Talking Black Mirror and AI with Charlie Brooker at SXSW Sydney
With the first edition of SXSW Sydney bringing Austin’s famous festival to Australia for the first time, keynote speaker Charlie Brooker chats with Travis Johnson.
The legendary cultural conference South by Southwest has left North America for the first time in its 36-year history, with the inaugural edition of Southern Hemisphere spin-off SXSW Sydney running from October 15 – 22. Encompassing music, film, gaming, and more, it’s a festival of fresh ideas. A taste-making institution that showcases the bleeding edge of culture and technology, it’s a celebration of innovation.
So, there’s a certain irony in the fact that one of the keynote speakers is most famous for creating one of the most dystopian science fiction visions of our time. Netflix’s anthology series Black Mirror is landmark TV: a savvy, cynical speculative horror series that examines how technology impacts our lives, for good or ill—mostly ill, it must be said.
It’s the brainchild of broadcaster-turned-showrunner Charlie Brooker, currently making his first visit to Sydney to speak at the festival. Tonally and conceptually, the series is equal parts Rod Serling and Philip K. Dick, offering a pessimistic but on point selection of possible future catastrophes for our viewing pleasure—somewhat at odds with SXSW’s far sunnier view of tomorrow. We had to ask the architect of these apocalyptic visions what he was bringing to the SXSW table.

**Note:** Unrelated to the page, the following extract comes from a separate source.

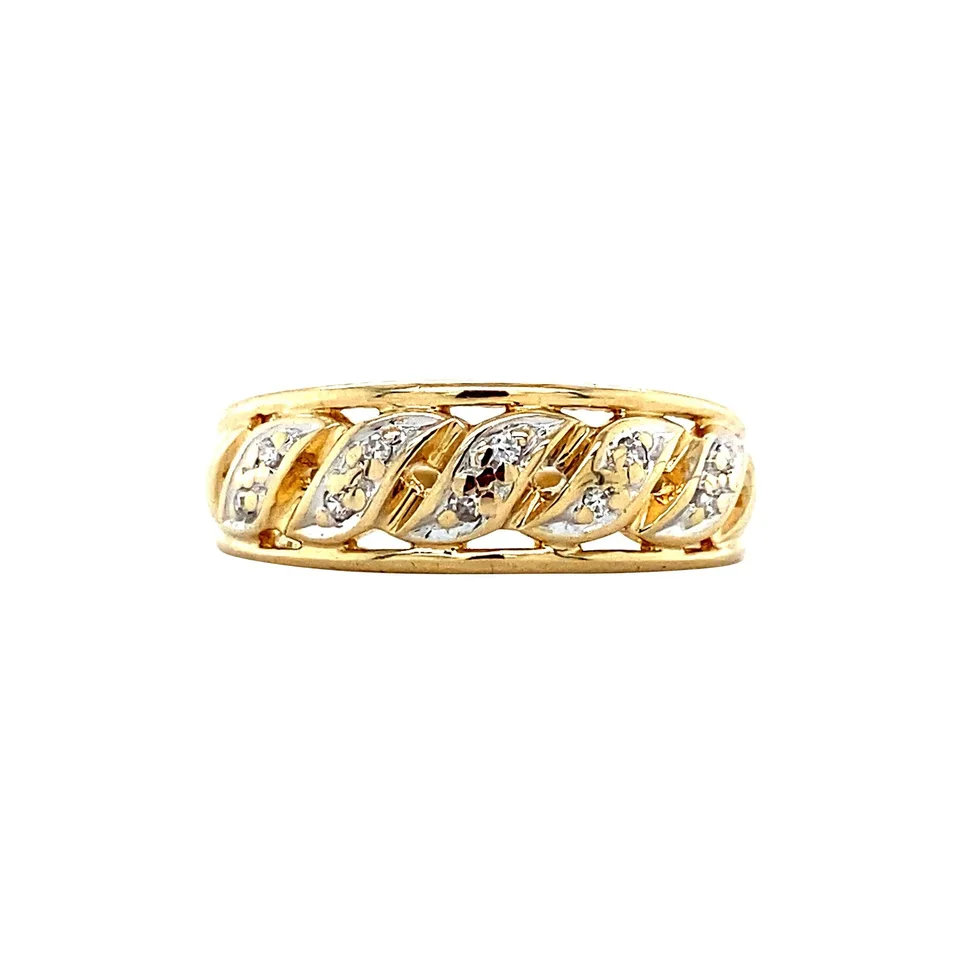 Vintage 14K Gold Ring with Diamond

“My trademark happy-go-lucky, cheerful look at the world and technology, I guess?” he laughs, before explaining that he’s decided on a more relaxed Q&A session rather than a formal address. “I wouldn’t trust myself to deliver a speech. Every time somebody says you’re delivering a speech, I feel a quick stab of fear at the thought I’ve accidentally signed up to do that but luckily, I haven’t.”
But he does say that Black Mirror is often mischaracterised as being anti-technology. “I used to be a video games journalist—which is a great job when you’re in your 20s—and I’ve always loved technology. The technology that we show in Black Mirror is very seductive, usually, and where things go wrong is it will be down to human foibles. There’s usually a human being who messes things up because they’re misusing this powerful tool. So maybe that’s what I’m bringing.”
The problem with technology, he continues, is not the technology itself, but the people who wield it. “As humans we go through a period of flailing around when a sufficiently powerful new technology comes along. It’s like we’ve suddenly grown an extra limb, which is incredibly useful, but we don’t know how to operate it, so we’re sort of smacking things off the shelves and punching ourselves in the face all the time until we come to terms with it.”
The last big tech innovation we experienced this process in was social media, and it’s safe to say we still haven’t worked out all the kinks. But now we seem to be at the dawn of the AI age, with the sudden propagation of large language models and generative art programs sending shockwaves through the creative industries. Naturally, AI is a popular topic on the SXSW Sydney program, with various panels prognosticating on what this sudden innovation might mean for the future of creative work.
For his part, Brooker sees both pros and cons. “I can see lots of benefits, and I can see the danger from a writer’s perspective—the scary thing is you imagine yourself getting completely replaced as a creative writer. I don’t think that’s likely to happen particularly quickly—he said naively—partly because I think it’s not that good. It doesn’t really generate actual original material yet—it’s all derivative. What use I can see for writers is the notion of it being a bit like a conversational Google, where you could sit there and go, ‘I’m thinking of a story about a Victorian chimney sweep. What might a Victorian chimney sweep eat for his breakfast?’
“But the danger is that execs start getting it to churn out bad first drafts of things and then hiring humans in to make it usable. That’s scary. And then more widely, I think there’s so many things it could do that we’re only just wrapping our heads around that. And the problem is, it’s an incredibly powerful tool and it’s very easy for us to misuse it.”
But accurately predicting the future has never been Black Mirror’s main aim. “We don’t tend to be that ‘hard sci-fi’,” he says. “It tends to revolve around a fairly grounded human drama.” However, he admits there has been the odd occasion when production had to scramble to stay ahead of the technology curve.
“We did an episode called ‘Joan is Awful’, which revolves around a deepfake AI-generated TV show, effectively, and I remember thinking we need to do this now because if we do it in two years’ time, we might be competing against a load of deepfake AI-generated TV shows. So, sometimes you do sort of feel like we could be outpaced by reality, but generally speaking, I think a lot of the stuff we tend to highlight is kind of magic. It’s that thing about, you know, sufficiently advanced technology being indistinguishable from magic.”